La reunión que los gobernadores de distintas fuerzas políticas tenían prevista en el Consejo Federal de Inversiones (CFI) para coordinar una estrategia común frente a la reforma laboral impulsada por el Gobierno nacional fue finalmente suspendida, en un contexto marcado por diferencias internas y falta de acuerdo entre los propios mandatarios.
El encuentro buscaba avanzar en una postura conjunta para presionar por cambios en el proyecto, especialmente en lo vinculado a la reducción del Impuesto a las Ganancias para empresas, una medida que las provincias advierten que impactará de lleno en la coparticipación. Sin embargo, gobernadores considerados “dialoguistas” ya habían anticipado que no participarían de la cumbre, tras mantener reuniones individuales con el ministro del Interior, Diego Santilli.
Entre esos contactos hubo encuentros con mandatarios que directamente rechazan la modernización laboral, como el gobernador peronista de La Pampa, Sergio Ziliotto, lo que profundizó las diferencias y terminó desactivando la convocatoria colectiva.

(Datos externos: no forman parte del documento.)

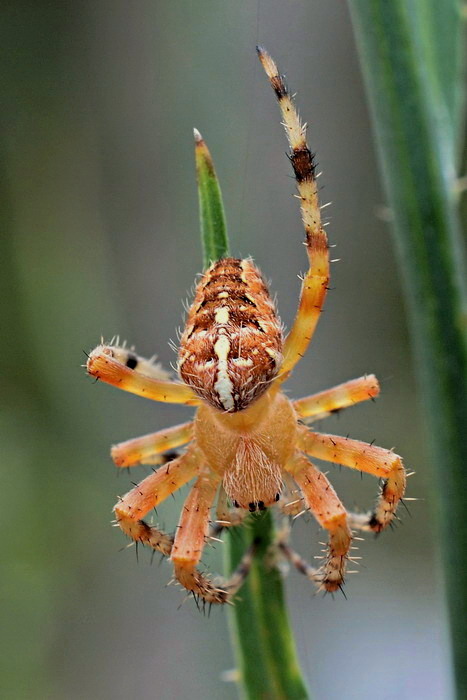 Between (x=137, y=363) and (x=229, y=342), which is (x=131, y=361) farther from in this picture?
(x=229, y=342)

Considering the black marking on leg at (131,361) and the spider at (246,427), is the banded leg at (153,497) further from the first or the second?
the black marking on leg at (131,361)

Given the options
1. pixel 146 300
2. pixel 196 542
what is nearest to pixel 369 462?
pixel 196 542

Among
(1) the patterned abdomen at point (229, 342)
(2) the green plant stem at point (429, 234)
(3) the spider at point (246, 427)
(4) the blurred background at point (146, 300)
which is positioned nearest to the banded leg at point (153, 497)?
(3) the spider at point (246, 427)

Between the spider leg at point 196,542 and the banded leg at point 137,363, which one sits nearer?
the spider leg at point 196,542

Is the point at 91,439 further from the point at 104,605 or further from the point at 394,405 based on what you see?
the point at 394,405

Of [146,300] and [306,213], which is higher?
[146,300]

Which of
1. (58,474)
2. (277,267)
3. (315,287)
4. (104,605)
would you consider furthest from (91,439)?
(315,287)

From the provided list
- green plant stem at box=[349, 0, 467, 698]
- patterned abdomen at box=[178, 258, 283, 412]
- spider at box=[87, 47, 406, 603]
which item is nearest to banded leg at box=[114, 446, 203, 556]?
spider at box=[87, 47, 406, 603] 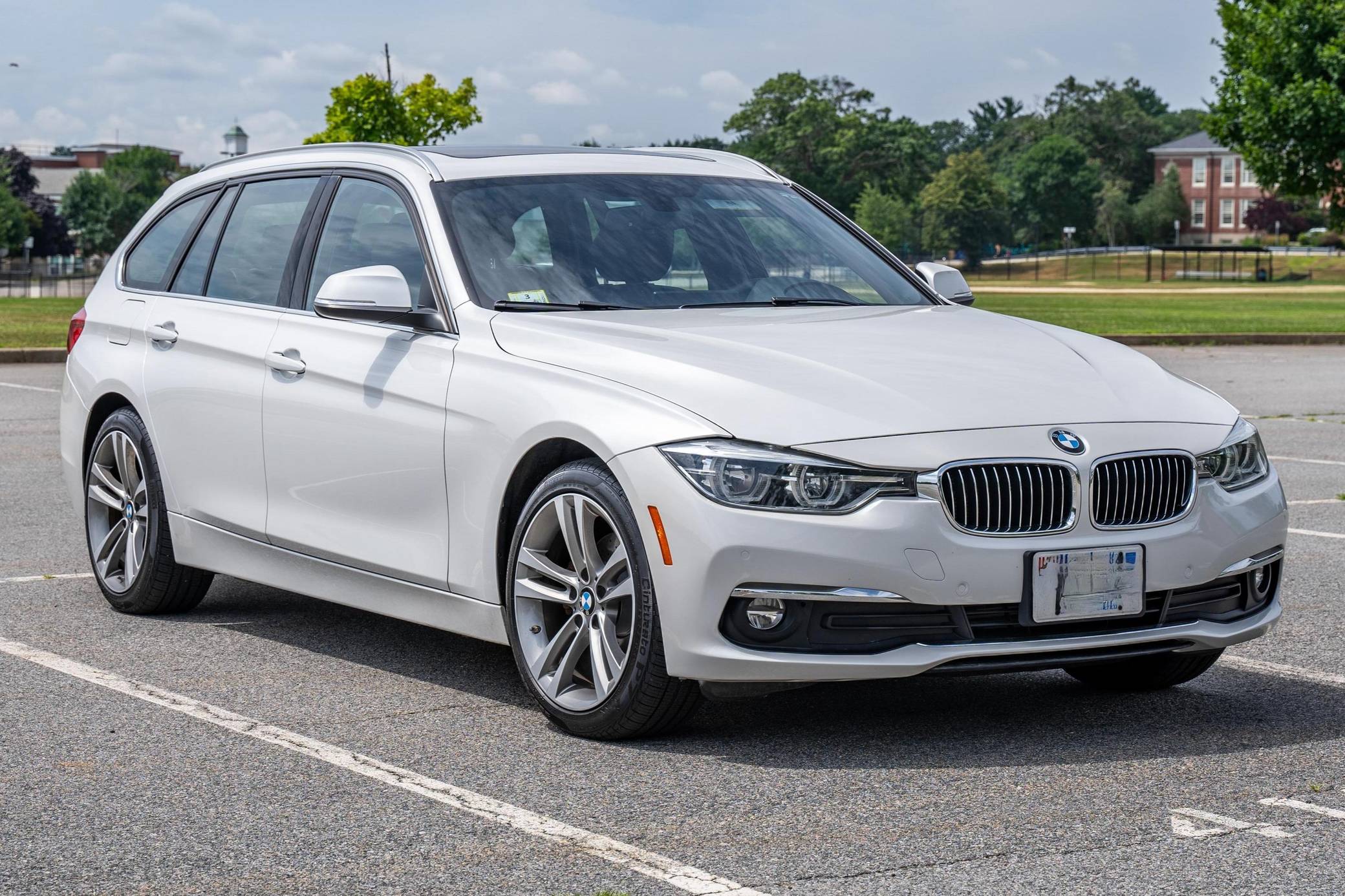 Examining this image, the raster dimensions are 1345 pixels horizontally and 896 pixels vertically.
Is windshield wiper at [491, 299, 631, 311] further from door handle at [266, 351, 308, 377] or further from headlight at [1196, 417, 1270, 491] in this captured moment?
headlight at [1196, 417, 1270, 491]

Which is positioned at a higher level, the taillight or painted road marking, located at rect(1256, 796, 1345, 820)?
the taillight

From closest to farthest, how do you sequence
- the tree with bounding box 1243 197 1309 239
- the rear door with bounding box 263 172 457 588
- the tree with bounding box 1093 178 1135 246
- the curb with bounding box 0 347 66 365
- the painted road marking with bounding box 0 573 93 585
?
the rear door with bounding box 263 172 457 588
the painted road marking with bounding box 0 573 93 585
the curb with bounding box 0 347 66 365
the tree with bounding box 1243 197 1309 239
the tree with bounding box 1093 178 1135 246

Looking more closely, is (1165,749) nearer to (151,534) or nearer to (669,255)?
(669,255)

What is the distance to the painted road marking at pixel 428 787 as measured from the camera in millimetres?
3658

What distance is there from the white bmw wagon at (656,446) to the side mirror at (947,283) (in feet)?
0.05

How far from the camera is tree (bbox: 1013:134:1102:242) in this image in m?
157

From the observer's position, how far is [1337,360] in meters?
24.3

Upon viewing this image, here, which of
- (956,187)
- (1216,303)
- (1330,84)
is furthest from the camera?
(956,187)

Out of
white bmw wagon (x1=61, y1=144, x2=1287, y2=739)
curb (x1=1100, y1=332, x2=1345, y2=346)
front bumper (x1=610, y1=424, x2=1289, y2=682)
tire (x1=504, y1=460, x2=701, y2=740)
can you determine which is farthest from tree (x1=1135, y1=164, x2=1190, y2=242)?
tire (x1=504, y1=460, x2=701, y2=740)

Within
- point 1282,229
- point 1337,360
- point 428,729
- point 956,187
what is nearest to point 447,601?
point 428,729

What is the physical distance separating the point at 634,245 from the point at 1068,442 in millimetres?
1719

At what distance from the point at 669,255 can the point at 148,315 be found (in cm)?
228

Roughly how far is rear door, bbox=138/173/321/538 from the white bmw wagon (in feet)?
0.05

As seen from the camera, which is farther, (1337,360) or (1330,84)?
(1330,84) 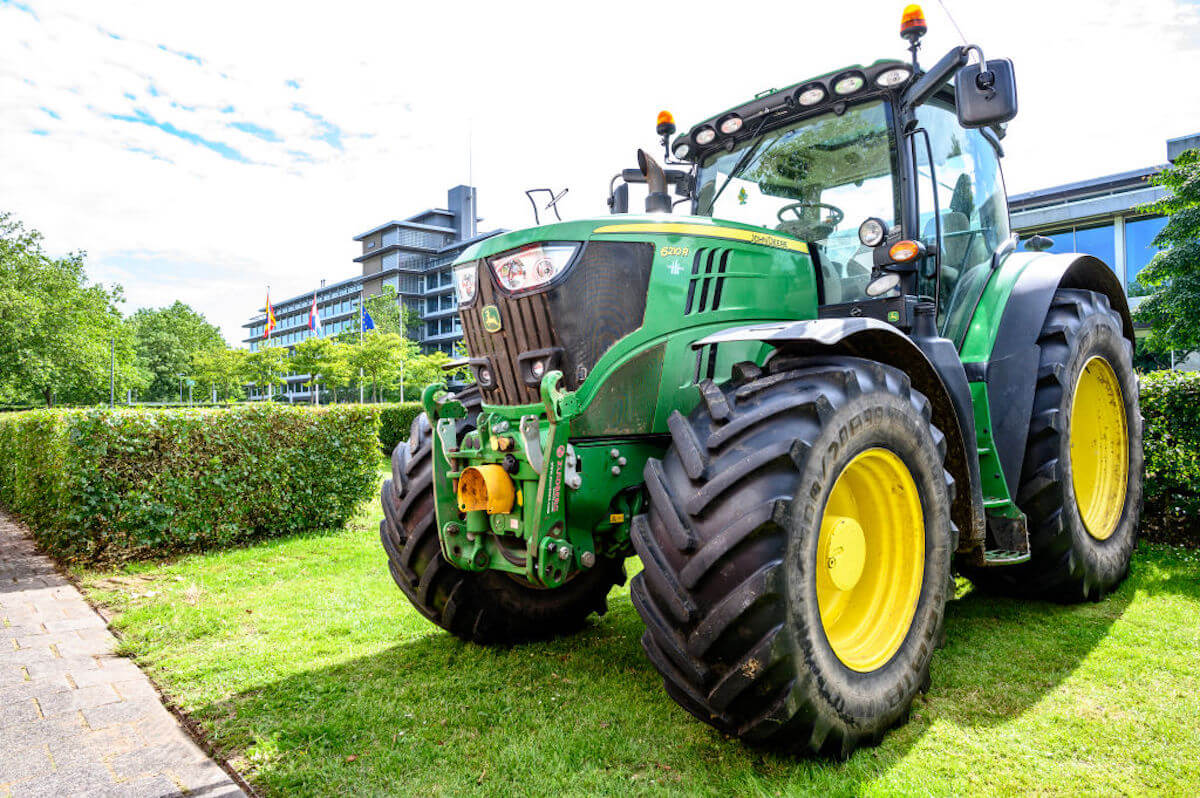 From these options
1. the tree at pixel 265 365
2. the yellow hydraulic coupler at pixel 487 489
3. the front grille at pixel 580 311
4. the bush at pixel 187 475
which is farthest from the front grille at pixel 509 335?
the tree at pixel 265 365

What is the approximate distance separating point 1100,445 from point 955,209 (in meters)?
1.90

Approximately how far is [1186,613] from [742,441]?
3.21 meters

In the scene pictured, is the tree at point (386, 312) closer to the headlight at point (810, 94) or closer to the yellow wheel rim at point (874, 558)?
the headlight at point (810, 94)

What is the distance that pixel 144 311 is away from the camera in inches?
2805

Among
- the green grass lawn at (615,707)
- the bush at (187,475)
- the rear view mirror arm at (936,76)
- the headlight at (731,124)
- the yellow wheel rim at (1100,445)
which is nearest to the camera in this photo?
the green grass lawn at (615,707)

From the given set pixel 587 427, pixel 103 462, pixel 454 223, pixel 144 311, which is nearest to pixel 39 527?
pixel 103 462

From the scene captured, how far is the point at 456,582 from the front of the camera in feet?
12.2

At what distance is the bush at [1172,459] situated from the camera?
5379 mm

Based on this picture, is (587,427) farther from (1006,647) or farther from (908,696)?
(1006,647)

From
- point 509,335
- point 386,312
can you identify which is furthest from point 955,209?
point 386,312

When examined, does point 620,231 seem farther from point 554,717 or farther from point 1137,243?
point 1137,243

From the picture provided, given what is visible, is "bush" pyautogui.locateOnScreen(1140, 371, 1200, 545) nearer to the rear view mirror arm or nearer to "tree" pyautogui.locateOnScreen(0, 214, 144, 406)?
the rear view mirror arm

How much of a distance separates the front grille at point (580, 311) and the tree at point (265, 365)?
49265 mm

El núcleo del conflicto es el artículo 190 de la reforma laboral, que propone una reducción de la alícuota del impuesto a las sociedades: del 30% al 27% en el tramo 2 y del 35% al 31,5% en el tramo 3. Según estimaciones de la Asociación de Empleados Fiscales e Ingresos Públicos (AEFIP), la medida implicaría una pérdida de $3,18 billones en la coparticipación provincial, aunque el ministro de Economía, Luis Caputo, sostiene que el impacto real sería de aproximadamente la mitad.

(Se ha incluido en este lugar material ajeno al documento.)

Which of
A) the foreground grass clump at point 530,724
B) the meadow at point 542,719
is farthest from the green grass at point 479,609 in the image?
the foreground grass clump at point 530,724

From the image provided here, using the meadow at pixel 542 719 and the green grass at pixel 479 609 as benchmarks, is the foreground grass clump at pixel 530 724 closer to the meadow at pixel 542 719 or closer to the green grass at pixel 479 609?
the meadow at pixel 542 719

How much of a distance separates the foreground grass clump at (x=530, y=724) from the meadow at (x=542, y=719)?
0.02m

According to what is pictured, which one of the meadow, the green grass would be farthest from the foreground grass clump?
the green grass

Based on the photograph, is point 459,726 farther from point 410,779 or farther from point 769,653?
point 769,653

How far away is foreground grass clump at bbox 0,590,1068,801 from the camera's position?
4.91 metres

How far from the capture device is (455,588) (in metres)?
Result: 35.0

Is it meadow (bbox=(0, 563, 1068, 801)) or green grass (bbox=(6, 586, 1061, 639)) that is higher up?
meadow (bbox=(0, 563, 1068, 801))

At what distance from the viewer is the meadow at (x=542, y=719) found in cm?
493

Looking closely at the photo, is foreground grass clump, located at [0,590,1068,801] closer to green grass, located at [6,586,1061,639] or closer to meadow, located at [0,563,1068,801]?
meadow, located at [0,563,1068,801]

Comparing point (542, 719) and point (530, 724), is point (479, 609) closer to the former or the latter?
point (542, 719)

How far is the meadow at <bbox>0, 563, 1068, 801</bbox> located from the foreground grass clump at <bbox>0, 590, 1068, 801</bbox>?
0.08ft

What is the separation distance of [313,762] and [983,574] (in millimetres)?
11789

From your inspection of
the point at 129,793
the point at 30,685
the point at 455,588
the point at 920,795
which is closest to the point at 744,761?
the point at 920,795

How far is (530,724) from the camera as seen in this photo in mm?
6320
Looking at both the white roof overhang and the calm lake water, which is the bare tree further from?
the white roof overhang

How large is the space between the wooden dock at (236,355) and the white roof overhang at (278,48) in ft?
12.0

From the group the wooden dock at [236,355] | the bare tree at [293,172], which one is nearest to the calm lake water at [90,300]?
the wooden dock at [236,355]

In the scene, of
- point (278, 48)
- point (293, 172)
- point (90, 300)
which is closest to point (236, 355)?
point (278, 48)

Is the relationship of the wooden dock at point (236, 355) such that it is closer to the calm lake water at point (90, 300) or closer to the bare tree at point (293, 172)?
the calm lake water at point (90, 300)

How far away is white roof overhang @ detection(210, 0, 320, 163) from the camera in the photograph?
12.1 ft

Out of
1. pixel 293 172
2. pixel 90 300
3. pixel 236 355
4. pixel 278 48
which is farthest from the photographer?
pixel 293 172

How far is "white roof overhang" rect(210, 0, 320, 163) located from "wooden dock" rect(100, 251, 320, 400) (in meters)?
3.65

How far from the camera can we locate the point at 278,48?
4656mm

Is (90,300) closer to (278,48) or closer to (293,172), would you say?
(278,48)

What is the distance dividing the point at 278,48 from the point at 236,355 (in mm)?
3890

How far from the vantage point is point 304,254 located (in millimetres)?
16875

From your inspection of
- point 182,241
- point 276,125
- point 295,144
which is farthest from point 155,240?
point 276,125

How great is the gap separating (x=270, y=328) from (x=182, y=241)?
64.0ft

Ante este escenario, los gobernadores buscan negociar algún mecanismo de compensación que permita amortiguar la caída de recursos, a cambio de garantizar el respaldo legislativo al proyecto en el Congreso. La intención es que ese instrumento quede incorporado en la ley y tenga alcance uniforme para todas las provincias, aunque por ahora las diferencias internas impiden una estrategia común.